──────── Material for this task ────────
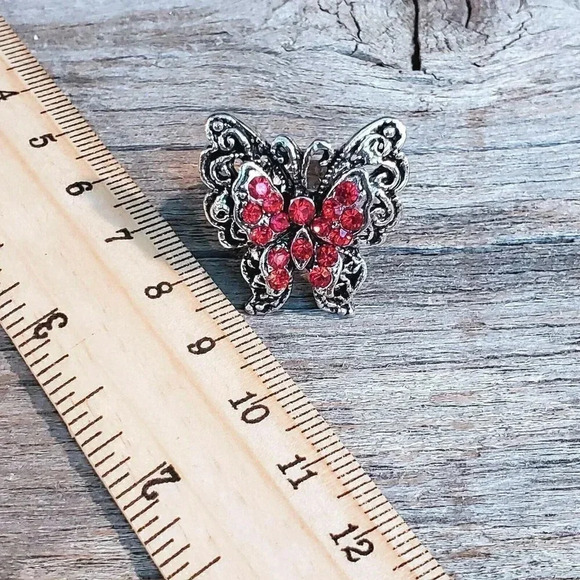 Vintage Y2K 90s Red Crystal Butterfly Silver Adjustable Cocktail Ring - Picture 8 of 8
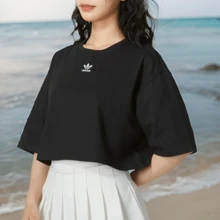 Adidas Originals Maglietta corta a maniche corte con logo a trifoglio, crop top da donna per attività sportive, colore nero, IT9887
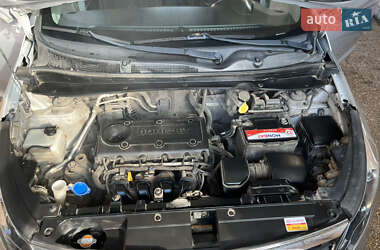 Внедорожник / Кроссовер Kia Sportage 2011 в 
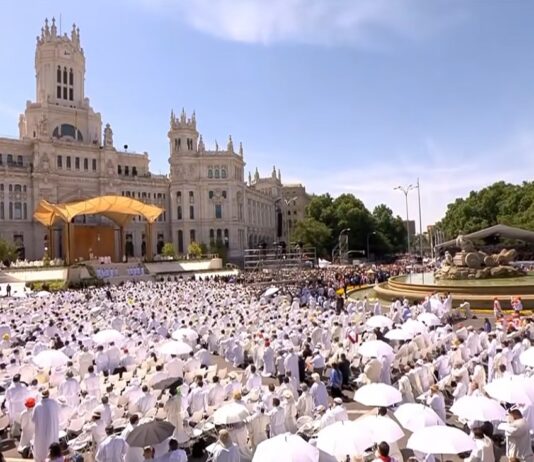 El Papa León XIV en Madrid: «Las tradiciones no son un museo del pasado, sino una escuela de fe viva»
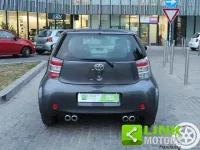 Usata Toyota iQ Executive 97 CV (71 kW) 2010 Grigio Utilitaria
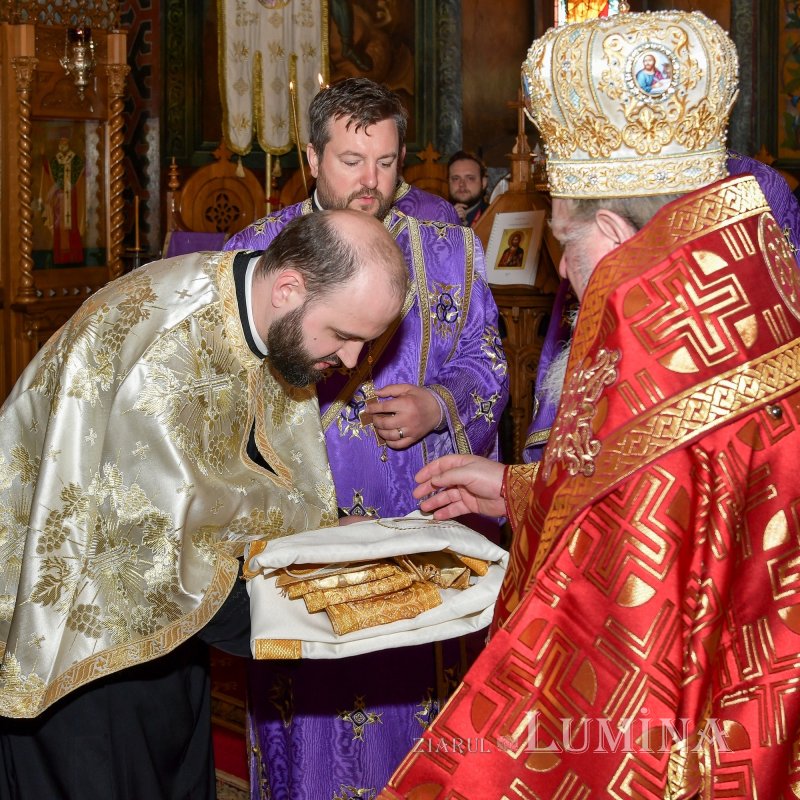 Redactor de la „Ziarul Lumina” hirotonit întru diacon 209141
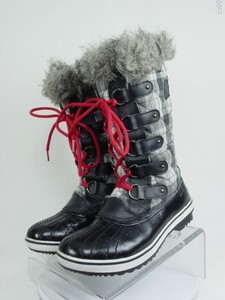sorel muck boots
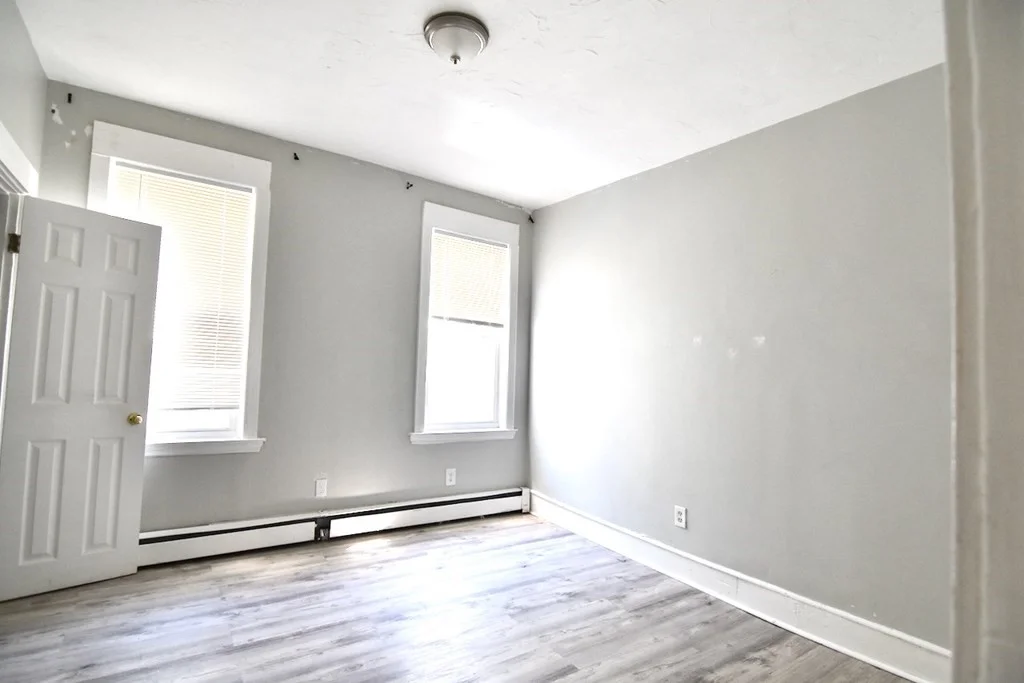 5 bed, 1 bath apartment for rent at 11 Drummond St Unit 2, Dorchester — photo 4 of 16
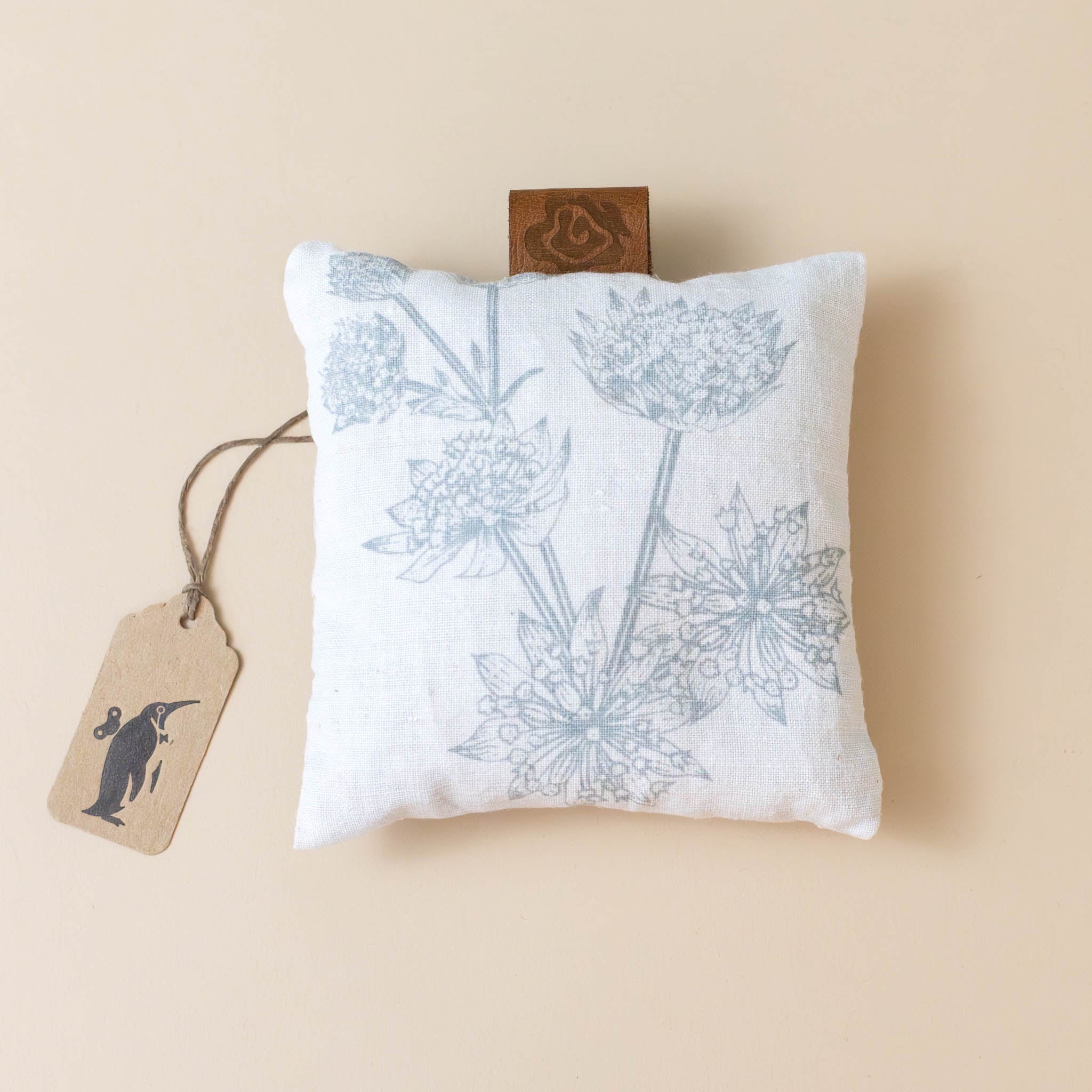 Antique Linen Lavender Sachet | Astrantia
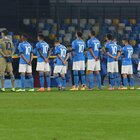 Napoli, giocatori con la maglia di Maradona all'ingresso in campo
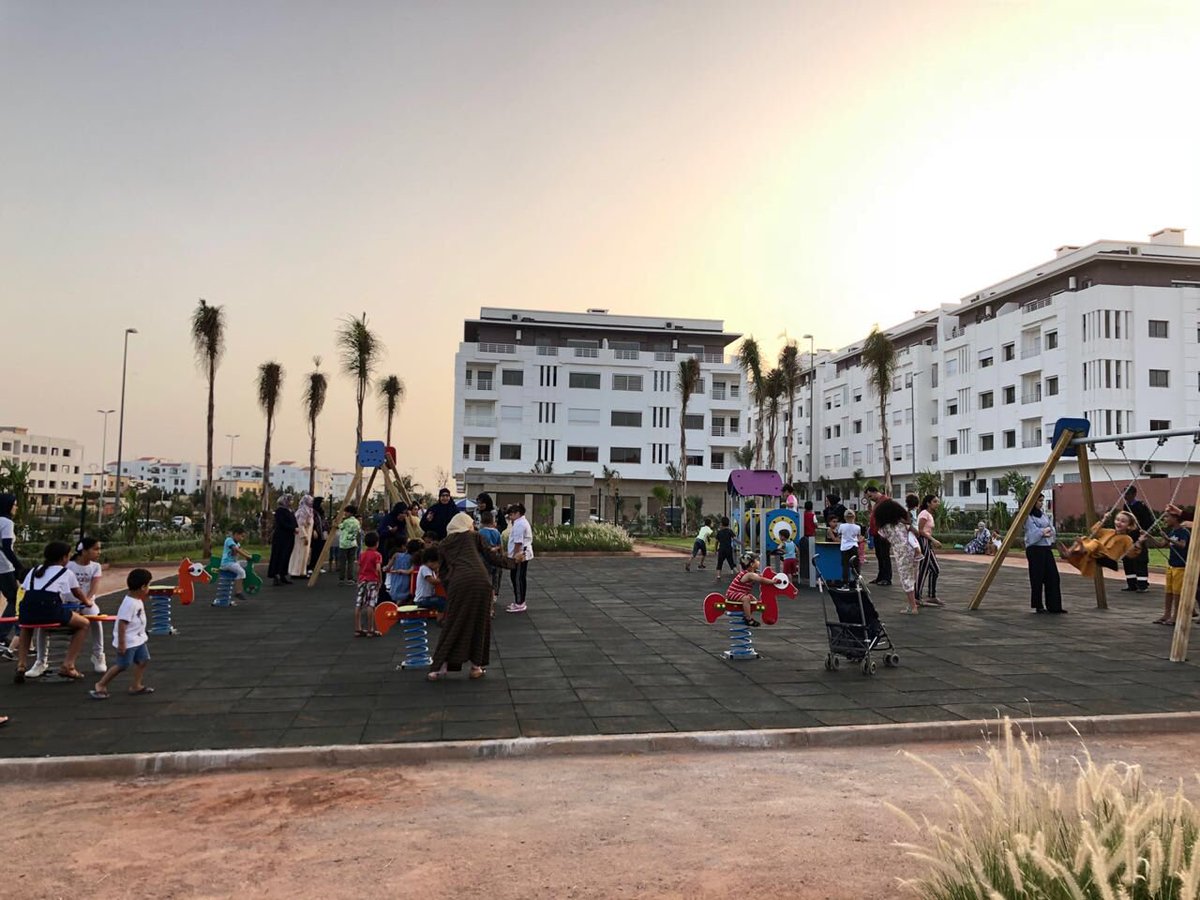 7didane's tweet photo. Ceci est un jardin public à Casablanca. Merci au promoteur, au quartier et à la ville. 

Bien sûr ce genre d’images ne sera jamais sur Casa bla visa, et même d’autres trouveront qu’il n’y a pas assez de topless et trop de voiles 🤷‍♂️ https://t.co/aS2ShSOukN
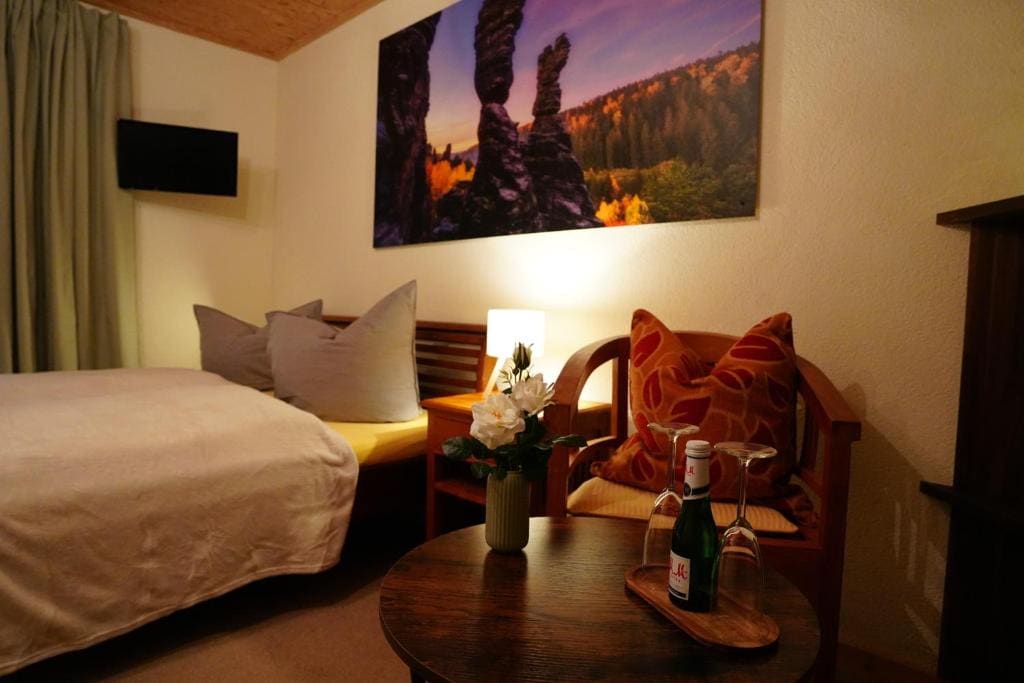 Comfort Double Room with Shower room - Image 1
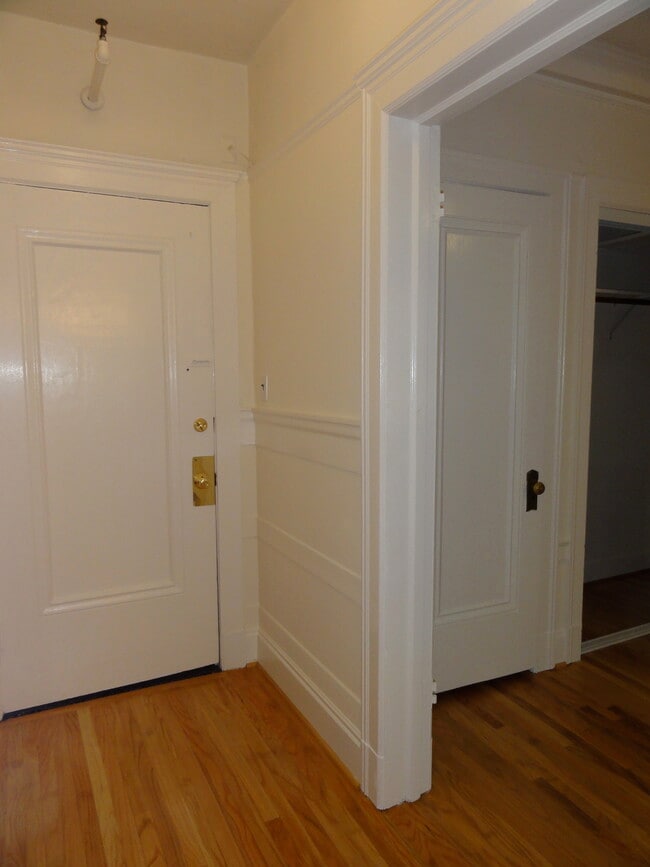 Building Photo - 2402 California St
────────
» **Problem statement**:
The job is to set down the whole listing exactly, excluding any images.

» **Result of the exercise**:
 Vintage Y2K 90s Red Crystal Butterfly Silver Adjustable Cocktail Ring - Picture 8 of 8
 Adidas Originals Maglietta corta a maniche corte con logo a trifoglio, crop top da donna per attività sportive, colore nero, IT9887
 Внедорожник / Кроссовер Kia Sportage 2011 в 
 El Papa León XIV en Madrid: «Las tradiciones no son un museo del pasado, sino una escuela de fe viva»
 Usata Toyota iQ Executive 97 CV (71 kW) 2010 Grigio Utilitaria
 Redactor de la „Ziarul Lumina” hirotonit întru diacon 209141
sorel muck boots
 5 bed, 1 bath apartment for rent at 11 Drummond St Unit 2, Dorchester — photo 4 of 16
 Antique Linen Lavender Sachet | Astrantia
 Napoli, giocatori con la maglia di Maradona all'ingresso in campo
 7didane's tweet photo. Ceci est un jardin public à Casablanca. Merci au promoteur, au quartier et à la ville. 

Bien sûr ce genre d’images ne sera jamais sur Casa bla visa, et même d’autres trouveront qu’il n’y a pas assez de topless et trop de voiles 🤷‍♂️ https://t.co/aS2ShSOukN
 Comfort Double Room with Shower room - Image 1
 Building Photo - 2402 California St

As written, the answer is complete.